First occurring on p. 7 of the Hullot-Kentor translation of Aesthetic Theory, χωρισμός or chorismos, can most accurately be translated as "separation". The context, for search engine purposes is "by abstract negation posits the χωρισμός of art as absolute". (Adorno, Theodor W. Aesthetic Theory. Edited by Gretel Adorno and Rolf Tiedemann. Translated by Robert Hullot-Kentor. London: Continuum, 2004. p. 7.)

Similarly on this page, χωρις or choris, means "without" in the sense of outside. "Art, χωρις from the empirically existing, takes up a position to it".

Other instances:
"The deeper the χωρισμός between the circumscribed, particular things, and the paling essence, the more hollowly artsworks gaze, the sole anamnesis of what could exist beyond the χωρισμός." (Adorno, Theodor W. Aesthetic Theory. Edited by Gretel Adorno and Rolf Tiedemann. Translated by Robert Hullot-Kentor. London: Continuum, 2004. p. 106.)
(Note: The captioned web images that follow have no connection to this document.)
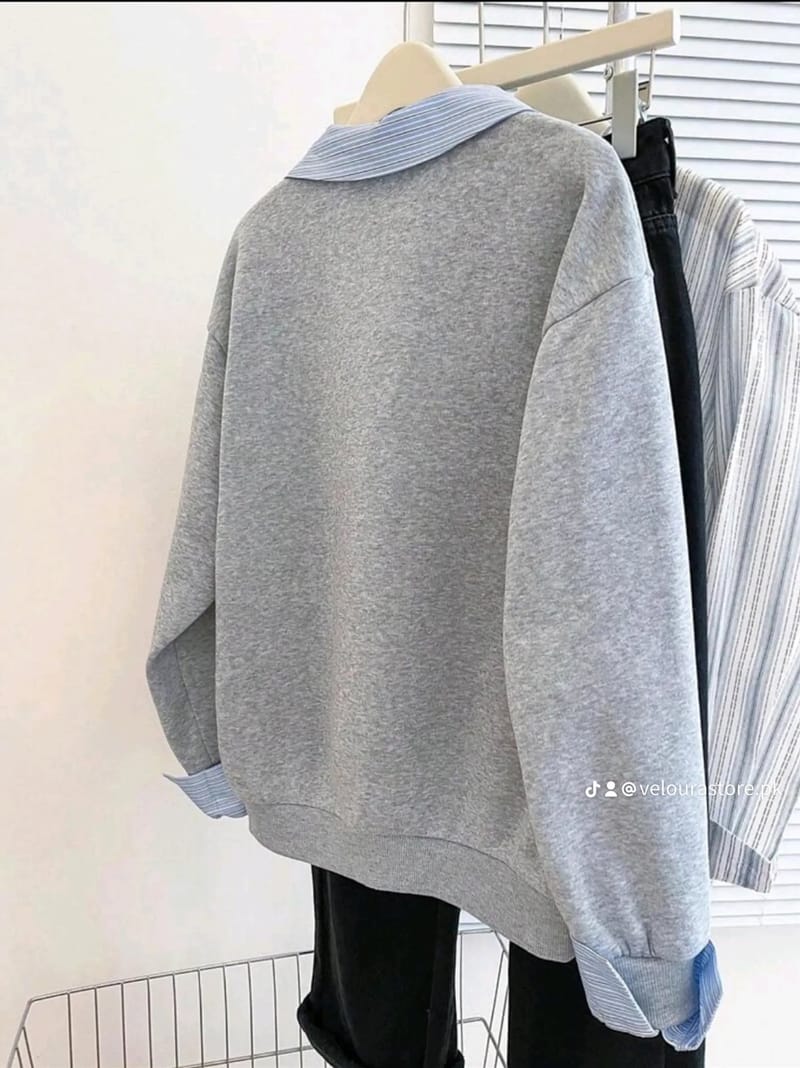 Casual Style College Sweatshirt, photo 3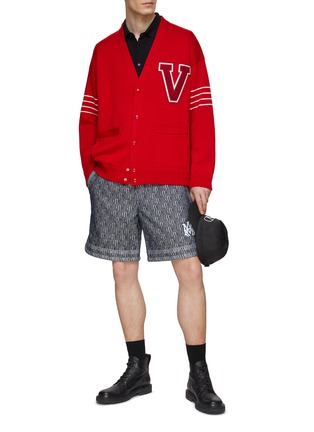 模特儿示范图 - 点击放大 - VALENTINO GARAVANI - VLOGO Polo Shirt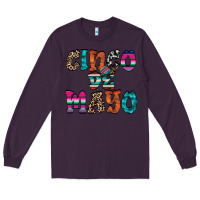 Plum cinco de mayo Long Sleeve Tee - RacoonDesign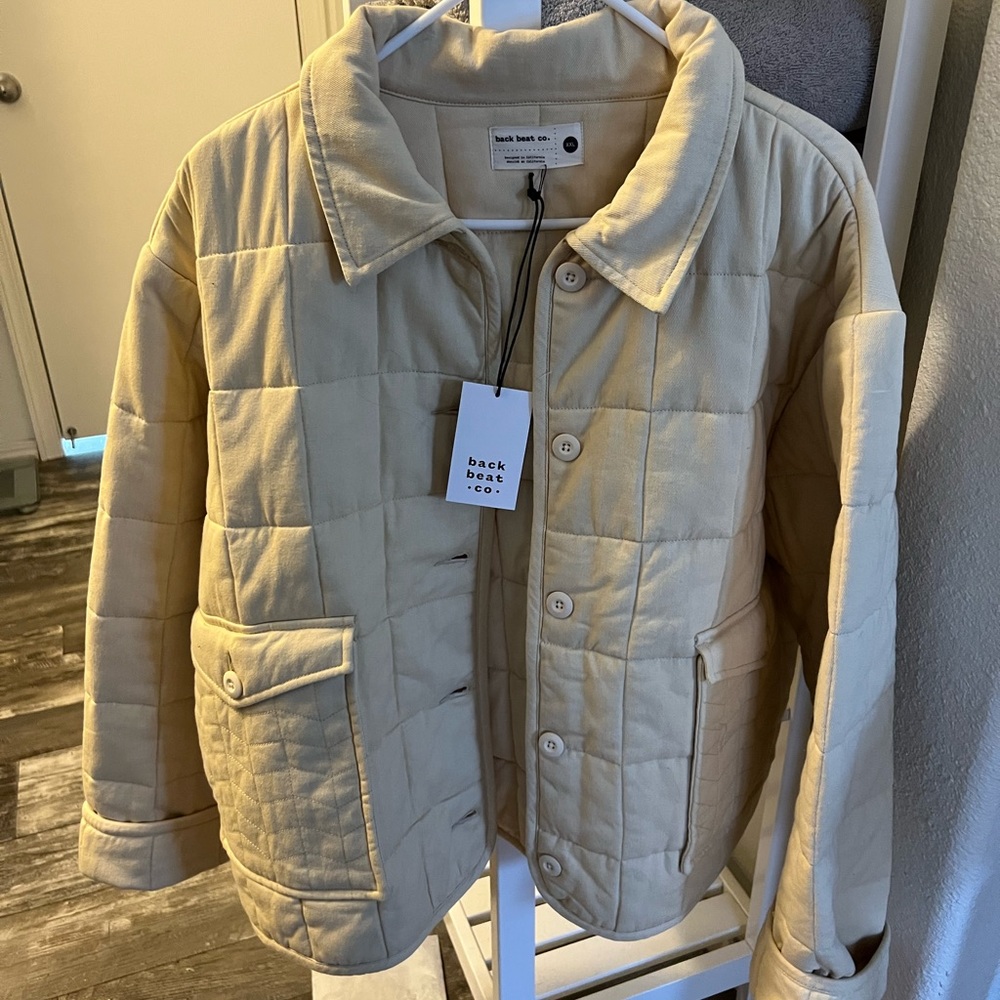 Back Beat Co quilted jacket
"the more its spiritual element is reified, χωρις from the appearance and isolated from the forming of apparation" (Adorno, Theodor W. Aesthetic Theory. Edited by Gretel Adorno and Rolf Tiedemann. Translated by Robert Hullot-Kentor. London: Continuum, 2004. p. 128.)

"is necessarily illusory; all spirit, χωρις from the corporeal, has an aspect of raising what does not exist" (Adorno, Theodor W. Aesthetic Theory. Edited by Gretel Adorno and Rolf Tiedemann. Translated by Robert Hullot-Kentor. London: Continuum, 2004. p. 142.)

"This collective remembrance in artworks is, however, not χωρις from the subject but rather takes place by way of the subject" (Adorno, Theodor W. Aesthetic Theory. Edited by Gretel Adorno and Rolf Tiedemann. Translated by Robert Hullot-Kentor. London: Continuum, 2004. p. 173.)

"The χωρισμός between subject and individual belongs to a late stage of philosophical reflection that was conceived for the sake of exalting the subject as the absolute." (Adorno, Theodor W. Aesthetic Theory. Edited by Gretel Adorno and Rolf Tiedemann. Translated by Robert Hullot-Kentor. London: Continuum, 2004. p. 263.)